Along with models, I also did ceramics. My mom taught a ceramics class at our church, so, every Tuesday night, I went to ceramics with my mom. This was also because of the painting. I didn't much care for all of the pouring, cleaning (well, I did kind of like the cleaning), and prepping of the pieces; I just wanted to do the painting, and I learned a good bit about various techniques going to ceramics with my mom.
Somewhere in there (actually, it was in my 5th grade class), I learned how to do cross-stitch and needlepoint. I'm not much for needlepoint, these days, but I do still really enjoy cross-stitch, although I don't really do it very often. I have a huge dragon I'm working on (got it for Christmas several years ago) that I haven't touched in, at least, two years. But I just don't have the time to sit down and work on it. I used to do a lot of cross-stitch when I was in middle school (and some in high school), though, because it was good to do while I was watching TV (but I quit watching TV when I was a freshman, which is why I still don't do much cross-stitch. I just don't watch enough television).
Back to models. During middle school, I discovered model kits of giant robots. These were really cool. All the joints were articulated and everything. They stood about a foot tall. To give you an idea of scale, the little pilots for the robots were roughly the same size as a pilot for an airplane, so these were meant to be giant robots. I still have them around somewhere. In storage. That's how cool they were.
I was not one of the gaming geeks while I was in high school, but I knew some of them. In fact, my locker partner my freshman year was a pretty big gaming geek. He had been one of my best friends during middle school due, in no small part, to our mutual interest in Transformers. It's also his fault I ever started collecting comic books, but that's another story. He joined the gaming geek club at our high school, and, through him, I discovered that the giant robot models I had were based off of a game called BattleTech. Not knowing that this was all going to lead somewhere, I said, "Oh, I have a model of that robot. And that one. And that one." He told his gaming geek friends. There was disbelief. Which lead to me bringing some of the models to school so the gaming geeks could see them.
The general reaction was, "Wow! You can paint!" You have to understand that I had no idea what this had to do with, well, anything. Other than that, yes, I could paint. Let me just say, again, I was not a gaming geek. I had played D&D one time, when I was about 10, at my cousin's house, during a party in which all the kids were herded into my cousin's room where we were expected to stay for some four or five hours, and that was what we ended up doing.
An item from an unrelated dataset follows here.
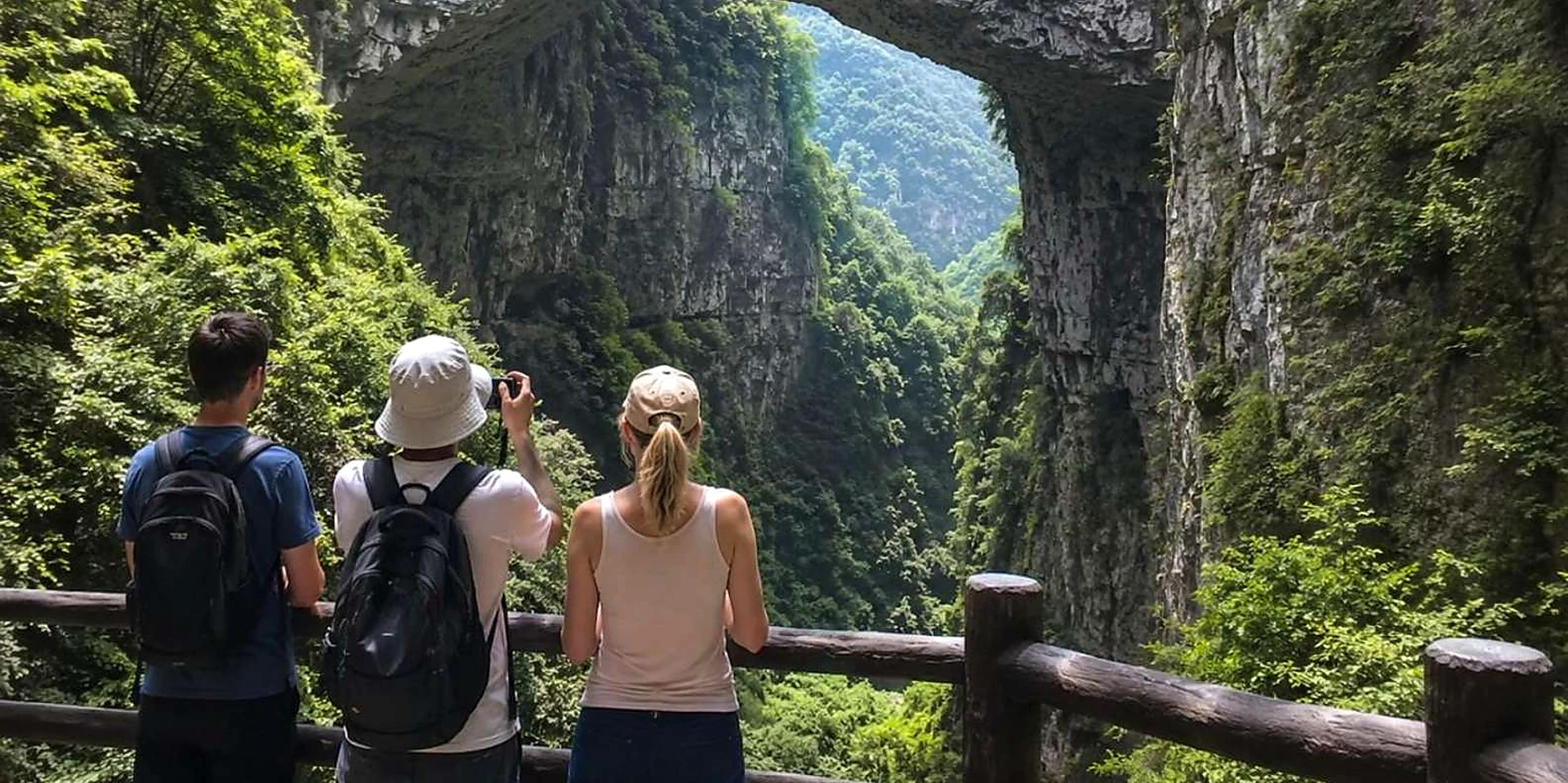 Chongqing: Wulong Fairy Mountain Day Tour (Includes Guide)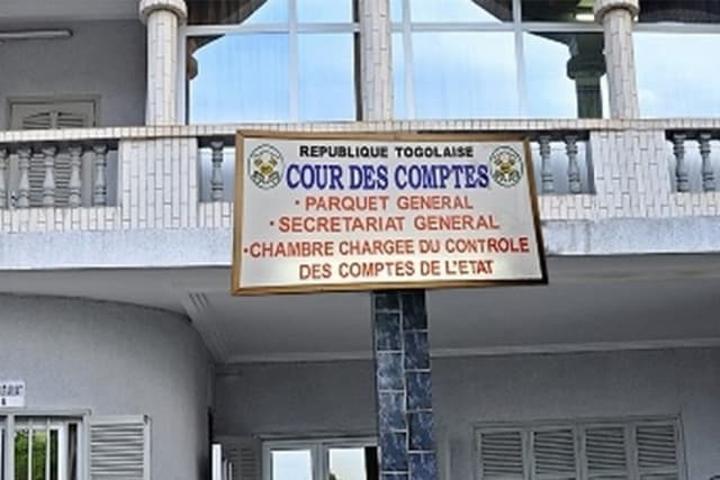 Togo-Un rapport qui fait agiter le gouvernement : Pour sa crédibilité la Cour des Comptes doit réagir. Togo-Un rapport qui fait agiter le gouvernement : Pour sa crédibilité la Cour des Comptes doit réagir.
There were no maps, no miniatures, not even any character sheets for that one time I'd played D&D, so I didn't know any of those things existed. All these guys got really excited about the fact that I could paint. It was confusing. Until one of them, a senior, dug around in his stuff and pulled out a little lead figure and asked me if I would paint it for him.
Being comepletely caught off guard, I hesitated in my response. I didn't know any of these guys (except my locker partner), and this senior was asking me to paint this little, metal dude for him. The hesitation was met with the almost immediate follow up of, "I'll pay you." Let me just say that he didn't have to say anything else. And so began my miniature painting enterprise.
I've been painting miniatures ever since. On and off. Mostly on, although, right now, I'm in an off phase. Miniature painting is my other main creative outlet. Other than writing. Unfortunately, because I've mostly done painting for other people and because most of that was back before the age of digital cameras, I don't have examples of most of my work. I do have some of the more recent ones posted on facebook, though. You can see them here: miniatures and here: 40k miniatures. I don't actually have all of those, anymore, because I sold a few of them. The chick minis sell pretty well. I can't figure out why. heh However, the 40k miniatures are not for sale, because my oldest son is into 40k, and we have plans to use them. At some point. Really!